Hot Standby: Caches and Locks

From: Simon Riggs <simon(at)2ndQuadrant(dot)com>
To: pgsql-hackers <pgsql-hackers(at)postgresql(dot)org>
Subject: Hot Standby: Caches and Locks
Date: 2008-10-21 14:06:20
Message-ID: 1224597980.27145.90.camel@ebony.2ndQuadrant
Views: Raw Message | Whole Thread | Download mbox | Resend email
Thread:
Lists: pgsql-hackers


Next stage is handling locks and proc interactions. While this has been
on Wiki for a while, I have made a few more improvements, so please read
again now.

Summary of Proposed Changes
---------------------------

* New RMgr using rmid==8 => RM_RELATION_ID (which fills last gap)
* Write new WAL message, XLOG_RELATION_INVAL immediately prior commit
* LockAquire() write new WAL message, XLOG_RELATION_LOCK
* Startup process queues sinval message when it sees XLOG_RELATION_INVAL
* Startup process takes and holds AccessExclusiveLock when it processes
XLOG_RELATION_LOCK message
* At xact_commit_redo we fire sinval messages and then release locks for
that transaction

Explanations
------------

All read-only transactions need to maintain various caches: relcache,
catcache and smgr cache. Theses caches will be maintained on each
backend normally, re-reading catalog tables when invalidation messages
are received.

Invalidation messages will be sent by the Startup process. The Startup
process will not maintain its own copy of the caches, so will never
receive messages, only send them. XLOG_RELATION_INVAL messages will be
sent immediately prior to commit (only) using new function
LogCacheInval(), and also during EndNonTransactionalInvalidation(). We
do nothing at subtransaction commit. WAL record will contain a simple
contiguous array of SharedInvalidationMessage(s) that need to be sent.
If nothing to do, no WAL record.

We can't send sinval messages after commit in case we crash and fail to
write WAL for them. We can't augment the commit/abort messages because
we must cater for non-transactional invalidations also, plus commit
xlrecs are already complex enough. So we log invalidations prior to
commit, queue them and then trigger the send at commit (if it happens).
We need do nothing in the abort case because we are not maintaining our
own caches in the Startup process. In the nontransactional invalidation
case we would process WAL records immediately.
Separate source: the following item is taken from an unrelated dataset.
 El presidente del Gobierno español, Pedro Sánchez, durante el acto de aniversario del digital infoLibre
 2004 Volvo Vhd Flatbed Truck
Startup process will need to initialise using SharedInvalBackendInit()
which is not normally executed by auxiliary processes. Startup would
call this from AuxiliaryProcessMain() just before we call StartupXLOG().
We will need an extra slot in state arrays to allow for Startup process.

Startup process needs to reset its sinval nextMsgNum, so everybody
thinks it has read messages. It will be unprepared to handle catchup
requests if they were received for some reason, since only the Startup
process is sending messages at this point.
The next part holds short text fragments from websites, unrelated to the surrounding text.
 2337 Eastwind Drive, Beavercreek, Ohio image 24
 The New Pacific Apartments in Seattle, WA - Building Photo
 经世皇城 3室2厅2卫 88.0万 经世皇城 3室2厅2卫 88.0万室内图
Startup process will continue to use XLogReadBuffer(), minimising the
changes required in current ResourceManager's _redo functions - there
are still some, see later. It also means that read-only backends will
use ReadBuffer() calls normally, so again, no changes required
throughout the normal executor code.

Locks will be taken by the Startup process when it receives a new WAL
message. XLOG_RELATION_LOCK messages will be sent each time a backend
*successfully* acquires an AccessExclusiveLock (only). We send it
immediately after the lock acquisition, which means we will often be
sending lock requests with no TransactionId assigned, so the slotId is
essential in tying up the lock request with the commit that later
releases it, since the commit does not include the vxid.
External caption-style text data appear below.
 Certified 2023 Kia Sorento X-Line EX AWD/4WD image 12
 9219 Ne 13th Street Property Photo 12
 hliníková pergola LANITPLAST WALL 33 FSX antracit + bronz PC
In recovery, transactions will not be permitted to take any lock higher
than AccessShareLock on an object, nor assign a TransactionId. This
should also prevent us from writing WAL, but we protect against that
specifically as well, just in case. (Maybe we can relax that to Assert
sometime later). We can dirty data blocks but only to set hint bits.
(That's another reason to differentiate between those two cases anyway).
Note that in recovery, we will always be allowed to set hint bits - no
need to check for asynchronous commits. All other actions which cause
dirty data blocks should not be allowed, though this will be just an
Assert. Specifically, HOT pruning will not be allowed in recovery mode.

Since read-only backends will only be allowed to take AccessShareLocks
there will be no lock conflicts apart from with AccessExclusiveLocks.
(If we allowed higher levels of lock we would then need to maintain
Multitrans to examine lock details, which we would also rather avoid).
So Startup process will not take, hold or release relation locks for any
purpose, *apart* from when AccessExclusiveLocks (AELs) are required. So
we will send WAL messages *only* for AELs.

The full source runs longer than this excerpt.